# Mehrfachklage



## Der-IT-DaU (21 März 2007)

also das mit der Mehrfachklage ist in Deutschland tatsächlich so eine Sache für sich.



Meine Mutter (Jahrgang 31) war damals mit ihren Damen und Herren aus dem -Lebensabendclub- den vermeintlichen Vertragskünsten eines Kaffeefahrten Anbieters zum Opfer gefallen (Ja,ja die Sache mit dem Kleingedruckten in den AGB‘s).

Lustig ist das sich der nette Rentnerclub anfänglich noch für richtig schlau hielt :saint: . Die rund 30 zeitlichen Urgesteine hatten doch simpel die Kosten für die Decken, die sie ganz sicher kaufen würden müssen, gegen die eigentlichen Fahrtkosten aufgerechnet (und dann mit seriösen Wochenendfahrt Anbietern verglichen). Was sie nicht mitbekamen war aber das sie bei Vertragsabschluss auch gleichzeitig noch ein Zeitungsabo (für alle Fahrtteilnehmer) abschlossen :wall: !

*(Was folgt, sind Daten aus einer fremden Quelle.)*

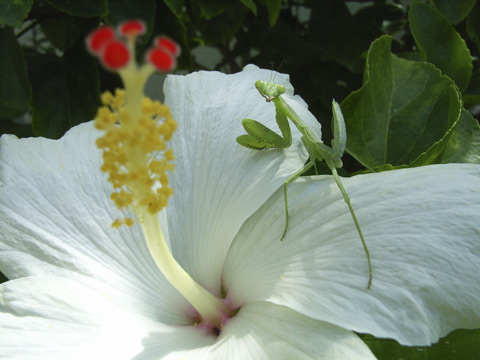 ハラビロカマキリ幼虫 ハラビロカマキリ幼虫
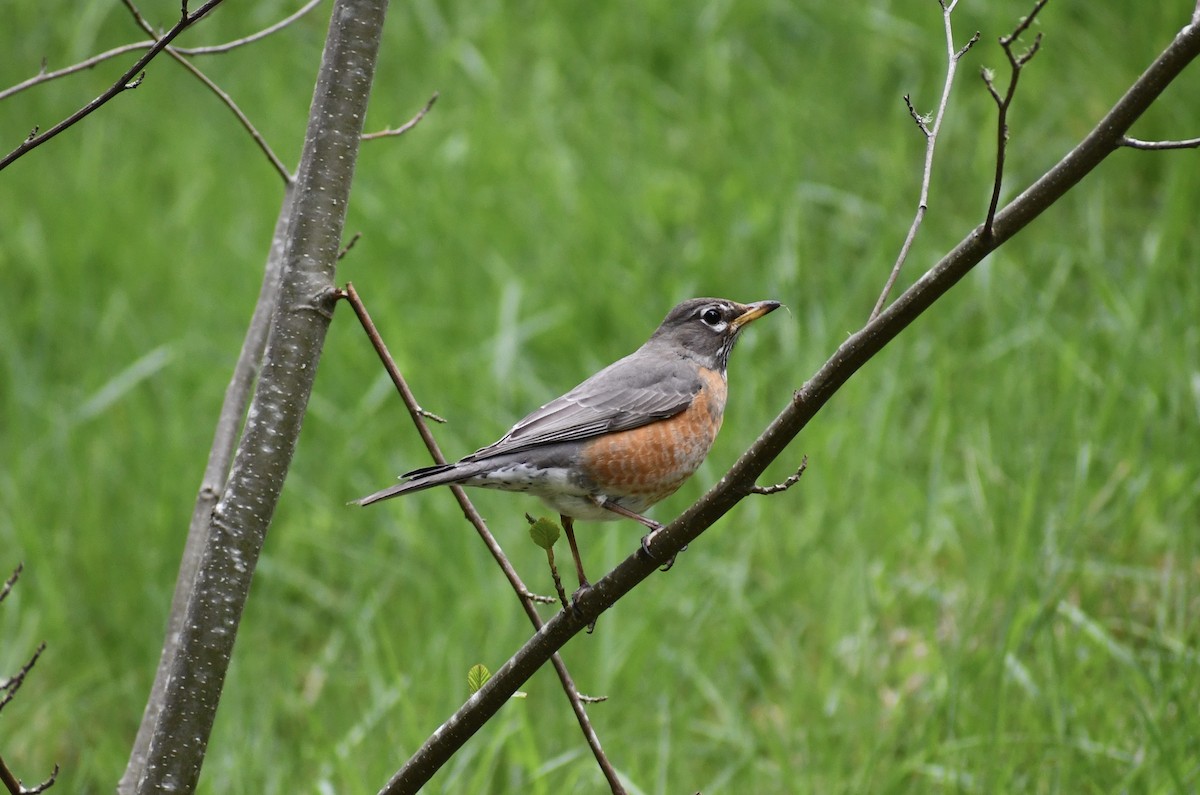 American Robin - Alex Moore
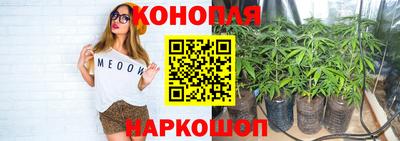 PSILOCYBIN Аргун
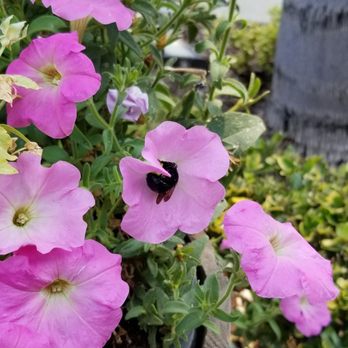 Miner's Leap Winery - A black bee in the flower. - Wineries Near Me - Clarksburg, California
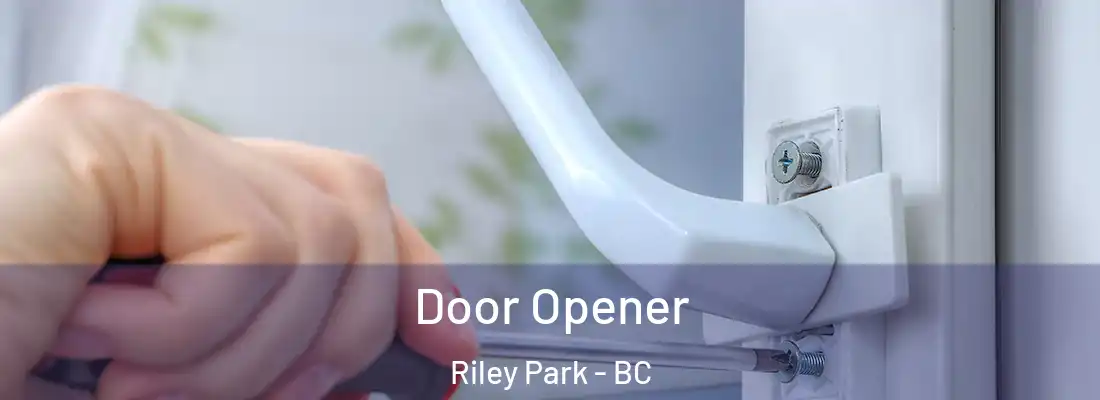  Door Opener Riley Park - BC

Nun ja, lange Rede kurzer Sinn, der Sohn eines dieser Rentner ist Jurist, und der hat das dann genau so wie oben durchgezogen.

Dennoch ACHTUNG:

Meine Mutter hat damals im laufe der Zeit D-Mark 200,- vor verauslagt (Sie hat das Geld zurück bekommen). Bedenkt man aber, dass die Firma durchaus auch hätte „Abtauchen“ können, bevor der Jurist von ihr sein Geld bekommen hat. Hätte sie zumindest anteilig den -Gemeinschaftsjuristen- bezahlen müssen! Das Abbo hätte sie aber nur 100 Mark gekostet (ist halt eine Frage des Prinzips und des Mutes zum RISIKO!).

In diesem Sinne...

Carne perit, lex constat

_abgetrennt und Passagen wegen unerlaubter Rechtsberatung editiert modaction _


----------